Os clamores desesperados pela defesa da presunção de inocência masculina, com a simultânea descredibilização das alegadas vítimas, podem vir da esquerda de Raquel Varela às tertúlias cor-de-rosa da astróloga Maya na CMTV. O viés está em todos os olhares, precisamente porque é cultural e está naturalizado.
Além de tudo isto, para muita gente, a ideia de violação resume-se ao ataque por parte de um desconhecido, que arrasta uma mulher para um beco escuro e a penetra com violência, controlando pela força as suas tentativas de defesa. Ora, além dessa possibilidade, existem todas as que cabem na categoria de sexo sem consentimento.

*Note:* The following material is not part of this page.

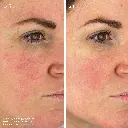youth boost peptide serum_imgCarousel_before and after.webp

Pode existir violação dentro do casamento. Pode existir violação na prostituição. Pode existir violação numa relação sexual consentida inicialmente, a partir do momento em que uma das partes recusa determinada prática e é forçada a isso. Pode existir violação sem condicionamento físico, por via da chantagem, da coação ou de relações de poder tão desiguais que a vítima não tem a liberdade de escolha. Entre muitas outras situações…
Enquanto não reconhecermos o livre consentimento como a linha que separa as águas. Enquanto não reconhecermos as vítimas como tal. E enquanto não reconhecermos os (alegados) agressores como arguidos da justiça, com os seus direitos fundamentais, mas sem a habitual complacência de duplo critério, que aligeira sentenças e suspende penas. Somos todos cúmplices. Alimentamos a cultura de violação que protege os criminosos e atira a culpa às medusas. Já que, afinal, somos nós que as transformamos em monstros e evitamos olhar para elas. (Não vá o mundo perceber que o nosso coração já é de pedra).